━━ Data to examine ━━
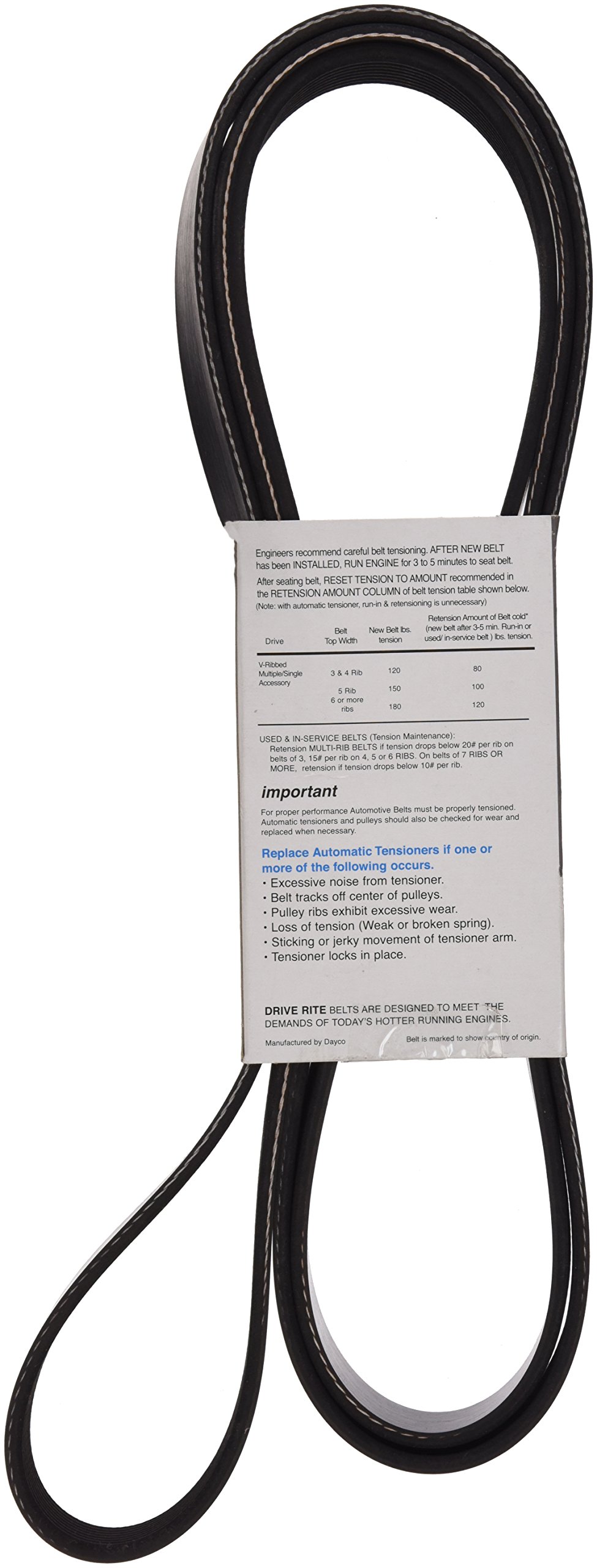 Amazon.com: Drive Rite 5080993DR Serpentine Belt : Automotive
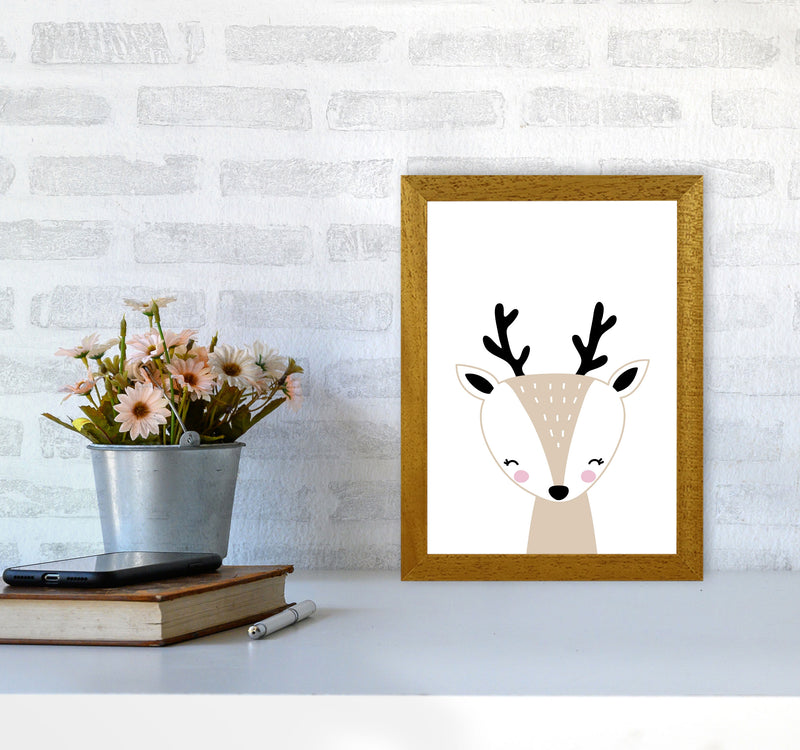 Scandi Beige Deer Framed Nursey Wall Art Print A4 Print Only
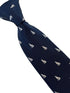 navy mens tie with howling lone wolf  design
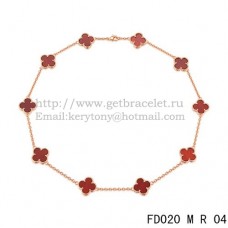 Колие Van Cleef Arpels Alhambra от розово злато, 10 мотива, карнеол, седеф, 45 см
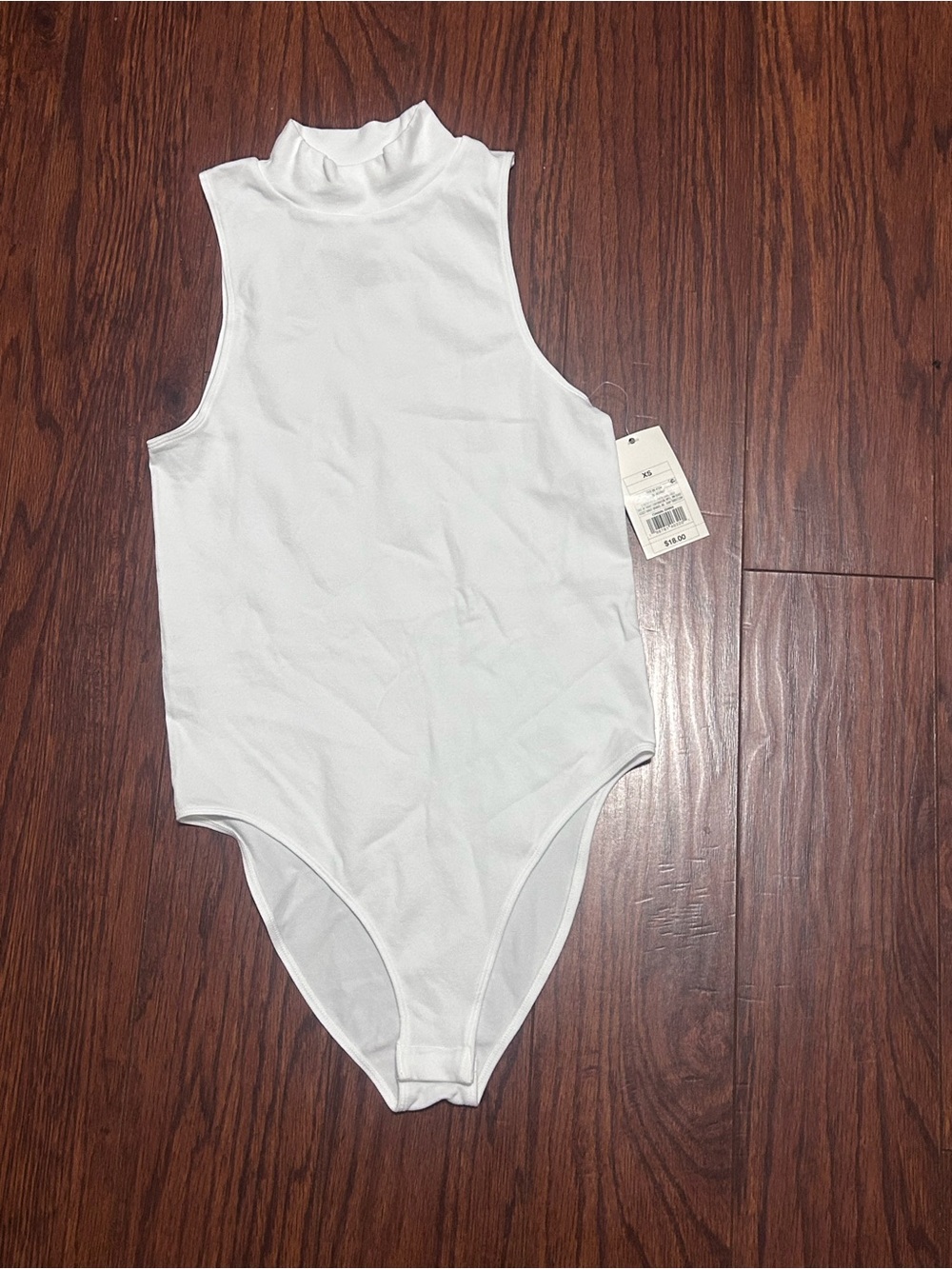a new day White Sleeveless Mock Neck Bodysuit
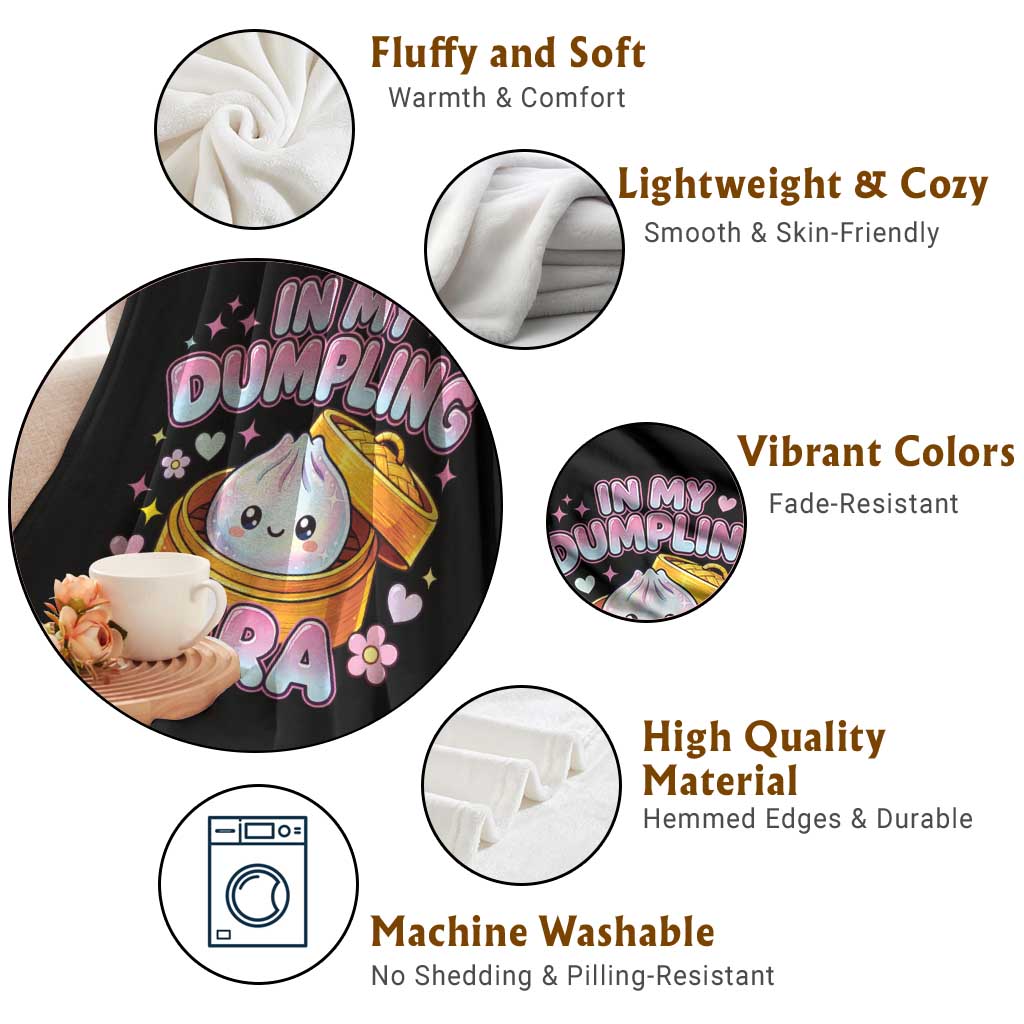In My Dumpling Era Kawaii Pastel Graphic Throw Blanket Retro Groovy Glitter Bao Steamer Basket TS02 Print Your Wear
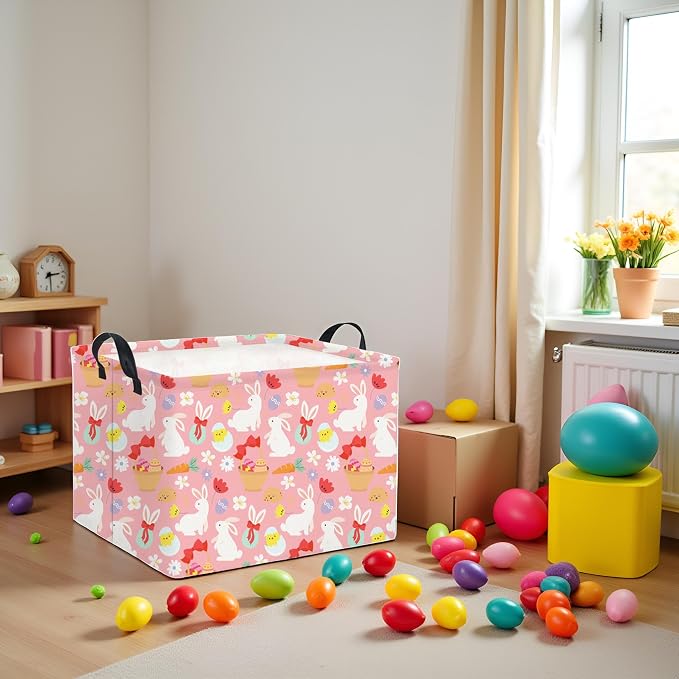 HIYAGON Rectangular Easter Basket Baby Girl Basket Fabric Storage Bin Organizer - Image 6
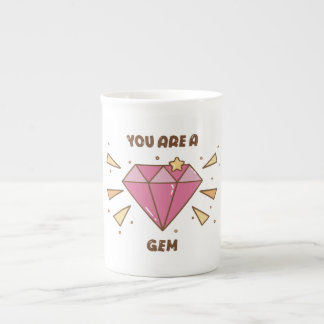 Du bist ein Juwel Cute Motivational Pink Gem Kaffe Porzellantasse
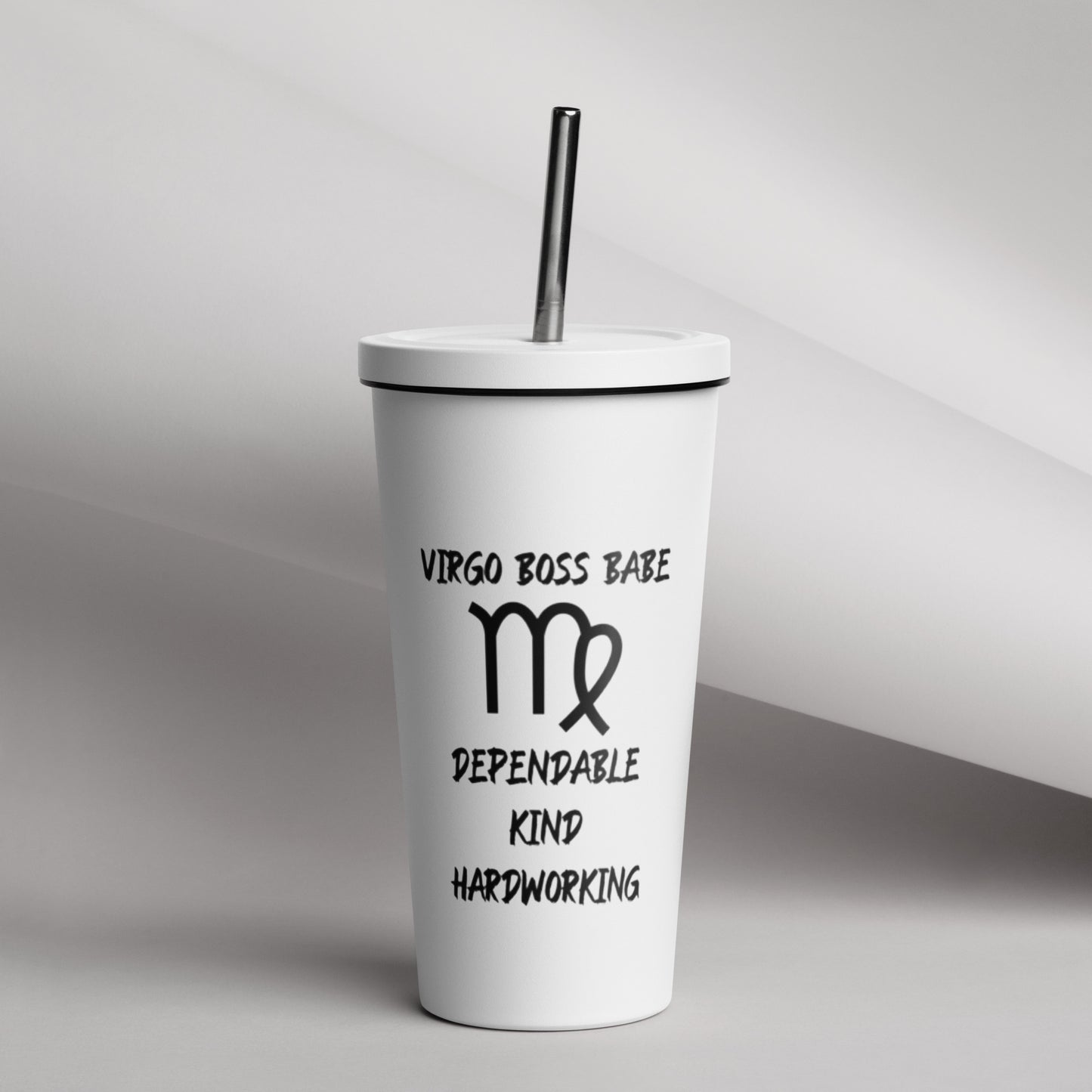 “Virgo Boss Babe” Insulated Tumbler With A Straw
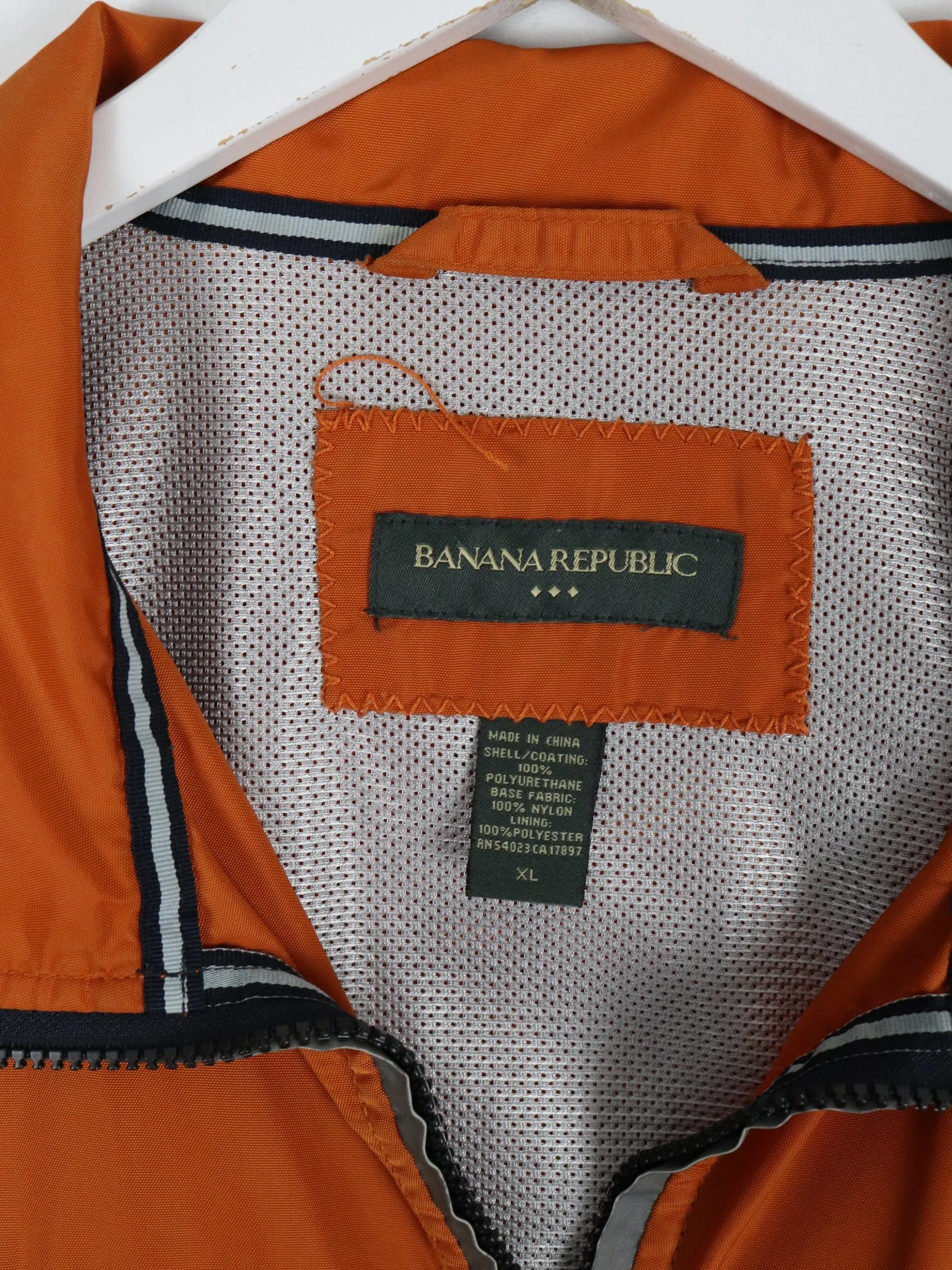 Banana Republic Windbreaker Mens XL Orange Jacket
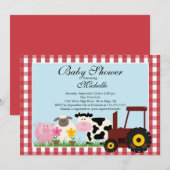 Invitation mignonne de baby shower d'animaux de (Devant / Derrière)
━━━
**Task to complete**
The answer should consist of every line above, exact and free of images.

**Response to this exercise**
 Amazon.com: Drive Rite 5080993DR Serpentine Belt : Automotive
 Scandi Beige Deer Framed Nursey Wall Art Print A4 Print Only
 navy mens tie with howling lone wolf  design
 Колие Van Cleef Arpels Alhambra от розово злато, 10 мотива, карнеол, седеф, 45 см
a new day White Sleeveless Mock Neck Bodysuit
In My Dumpling Era Kawaii Pastel Graphic Throw Blanket Retro Groovy Glitter Bao Steamer Basket TS02 Print Your Wear
 HIYAGON Rectangular Easter Basket Baby Girl Basket Fabric Storage Bin Organizer - Image 6
 Du bist ein Juwel Cute Motivational Pink Gem Kaffe Porzellantasse
 “Virgo Boss Babe” Insulated Tumbler With A Straw
 Banana Republic Windbreaker Mens XL Orange Jacket
 Invitation mignonne de baby shower d'animaux de (Devant / Derrière)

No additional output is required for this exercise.